• _Image-caption web data_
--

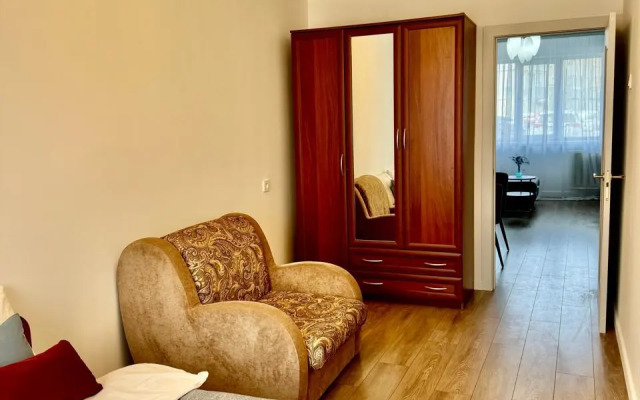 Apartment Apart Vl on Khabarovsk street 34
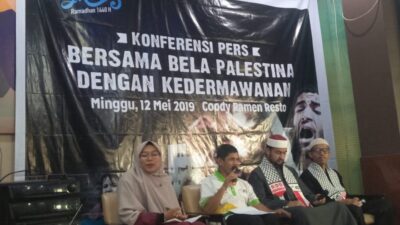 Ramadhan, ACT Gencar Kirim Bantuan ke Palestina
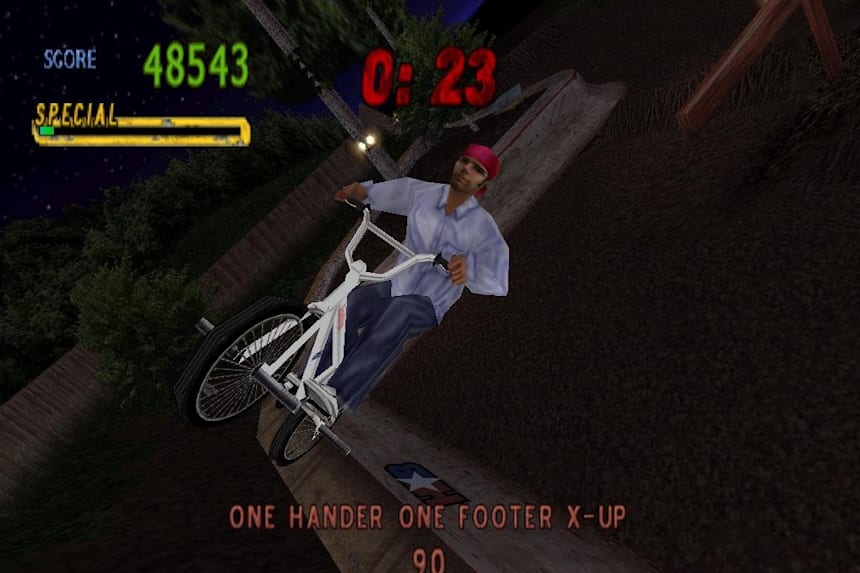 Top 6 Bmx Games Of All Time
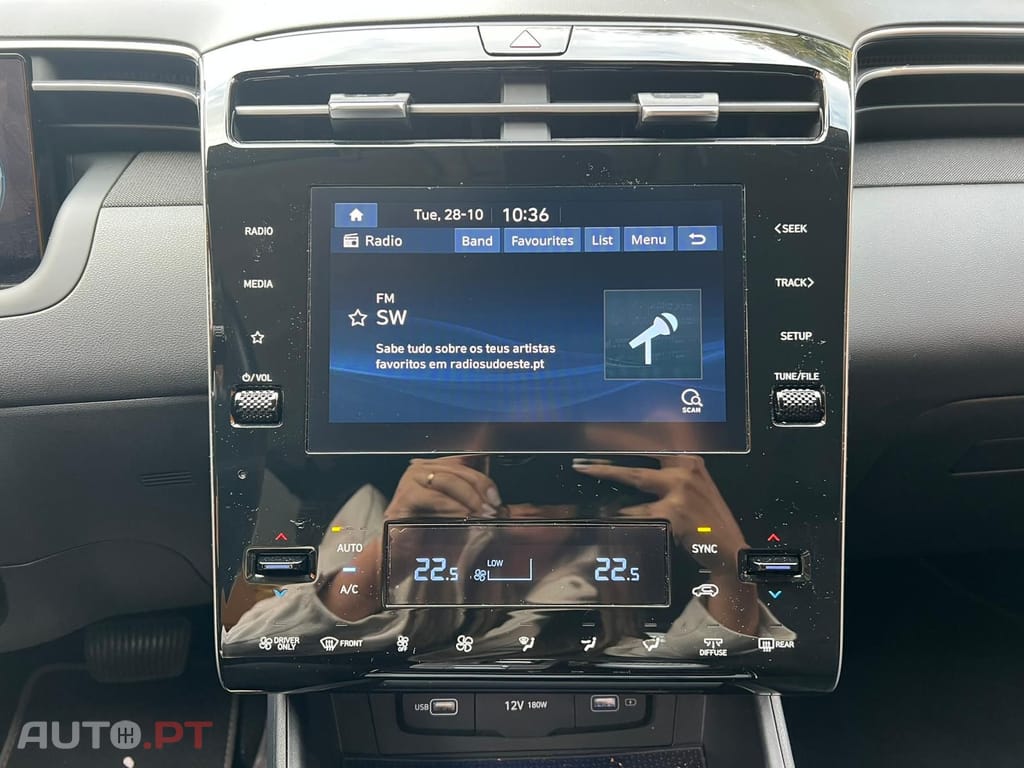 Hyundai Tucson  1.6 T-GDI HEV Premium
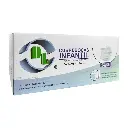 CUBREBOCAS INFANTIL DL TRICAPA  C/50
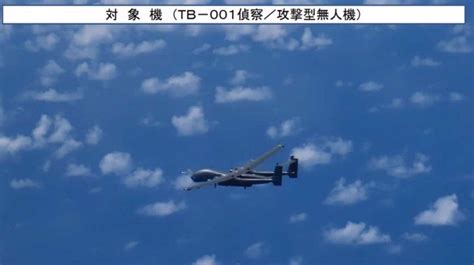 首艘國造潛艦高雄下水 陸「可掛彈最大型無人機」現蹤小琉球外海 政治 中時新聞網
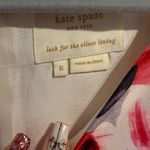 Kate Spade rosebud floral sheath dress sz 6 LNC Photo 5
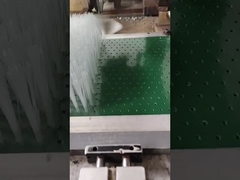 برش کمربند پی وی سی با فاصله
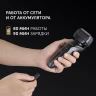Бритва сетчатая Polaris 7D PROF 4+ PMF 1016RC wet&dry реж.эл.:4 питан.:элек.сеть/аккум. черный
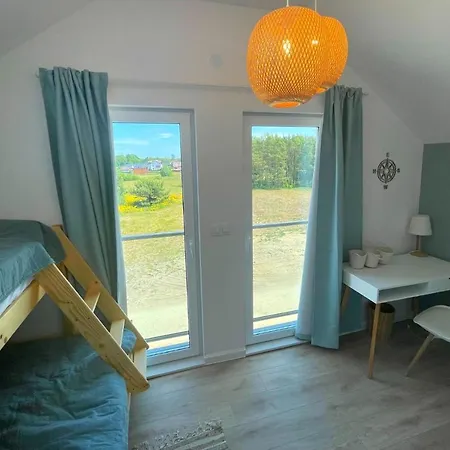 Apartment Dwupoziomowy Lighthouse Jastrzebia Gora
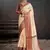 off white color beautiful woven jacquard designer art silk saree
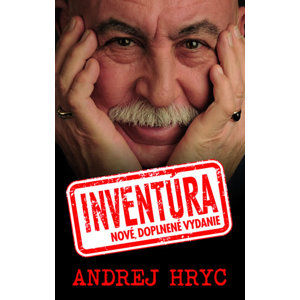 Inventúra - Hryc Andrej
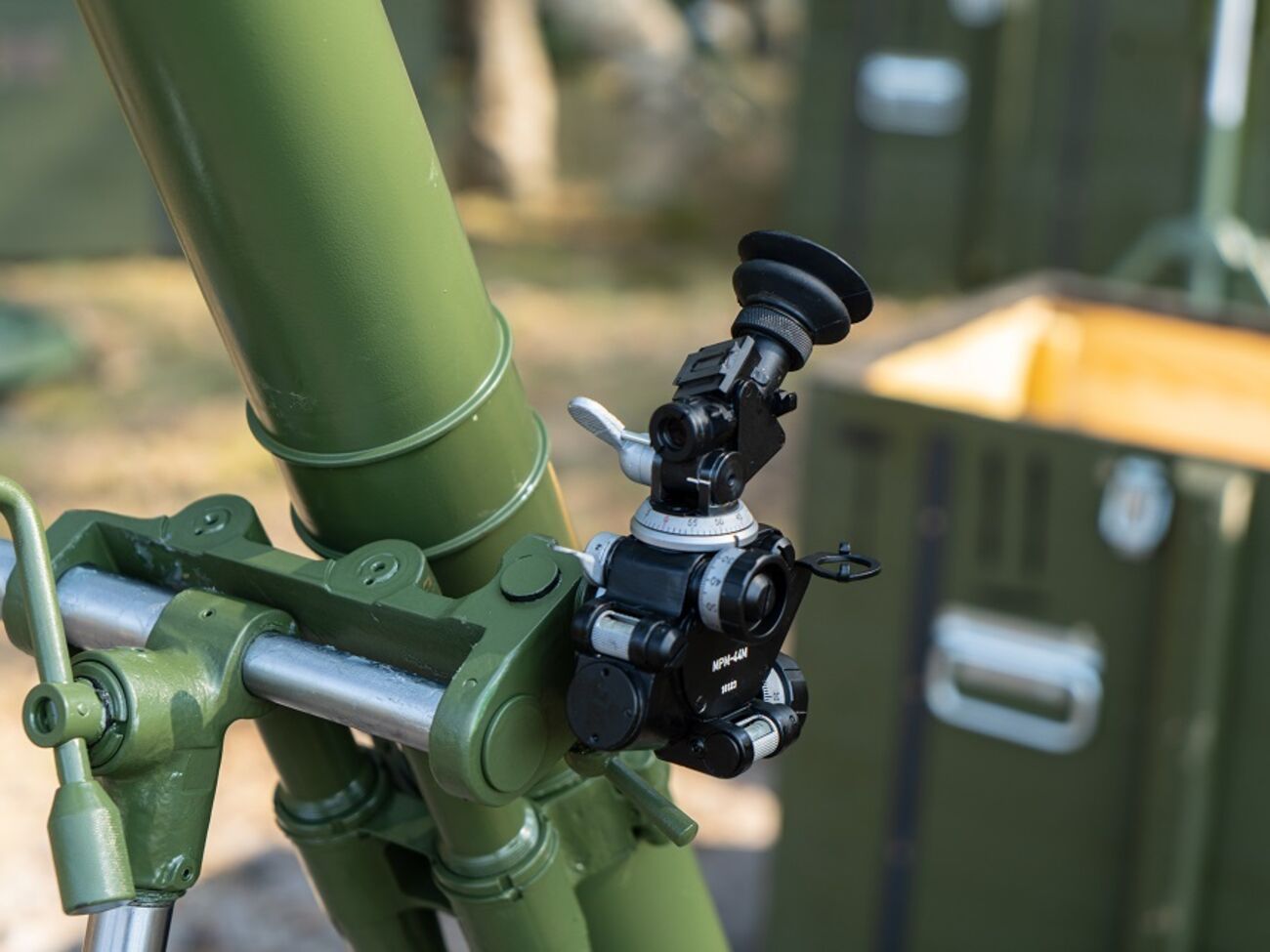 Зброя здатна вражати противника на відстані до 4 км і є ефективною як під час оборонних, так і під час наступальних дій, зазначили в компанії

--

• _Problem requirements_
From the data above, retype only the lines starting with the line with "Бритва сетчатая Polaris" and going on through the line with "Inventúra - Hryc Andrej", exactly, leaving out the pictures.

• _Exercise result_
Бритва сетчатая Polaris 7D PROF 4+ PMF 1016RC wet&dry реж.эл.:4 питан.:элек.сеть/аккум. черный
 Apartment Dwupoziomowy Lighthouse Jastrzebia Gora
 off white color beautiful woven jacquard designer art silk saree
 Inventúra - Hryc Andrej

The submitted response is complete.